The University of Colorado Law School ranks No. 26 in the nation based on aggregate scores across The Princeton Review’s admissions selectivity, academic experience, teaching and accessibility of faculty, and career prospects rankings.
Paul Caron, Dean of Pepperdine University Caruso School of Law, ranked the top law schools by weighing equally (20%) each of The Princeton Review’s admissions selectivity, academic experience, professors: teaching, professors: accessibility, and career rating rankings.
With a career rating of 91 out of 99, Colorado Law ranks No. 23 in the nation in this category that considers both student survey responses about the confidence students have in their school’s ability to lead them to fruitful employment opportunities and school-reported statistical data.
"This assessment captures Colorado Law’s place as a leading law school with strong post-graduate employment outcomes," said Dean S. James Anaya.
The Class of 2018 had record-high percentages of graduates in long-term, full-time, non-school funded jobs for which bar passage was required or a JD degree was an advantage (85%) and graduates who accepted full-time, long-term, non-school funded jobs for which bar passage was required (80%).

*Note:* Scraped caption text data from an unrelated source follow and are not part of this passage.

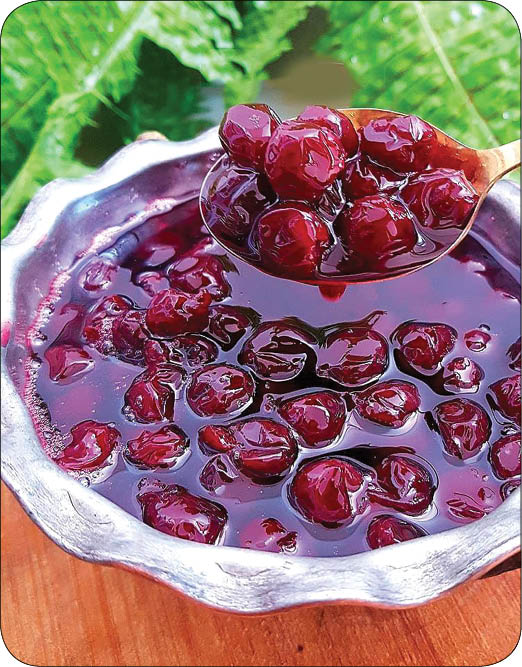 مارمالاد آلبالوي وانيلي، مخصوص روزهاي گرم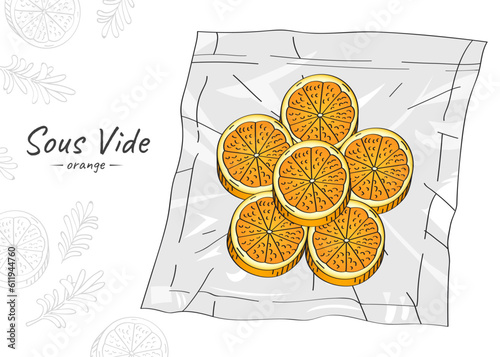 Vector hand drawn sketch illustration of orange slices. Sous-Vide Slow Cooking Technology.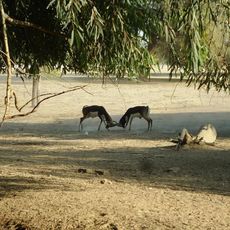 Parque nacional de Lal Suhanra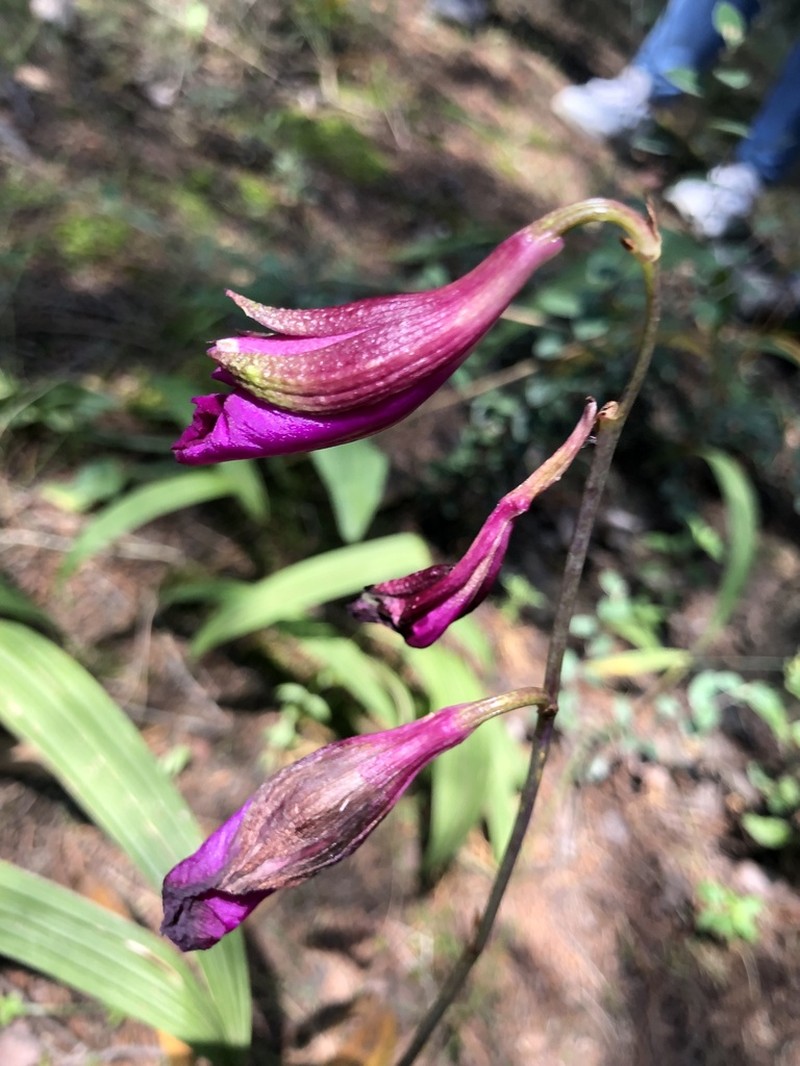 Bletia purpurata photo 6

The Princeton Review released in November its annual Best Law Schools report with its 14 ranking lists, which name the top 10 law schools in a particular category. The rankings were based on a survey of 19,000 students attending 167 law schools in the U.S. and administrators. Some ranking list tallies also factored in school-reported data.
Student survey respondents ranked Colorado Law No. 5 in the nation for "Best Quality of Life" based on answers to survey questions about whether there is a strong sense of community, whether differing opinions are tolerated in the classroom, the school’s location, the quality of social life, and research resources at the school, including library, computer, and database resources.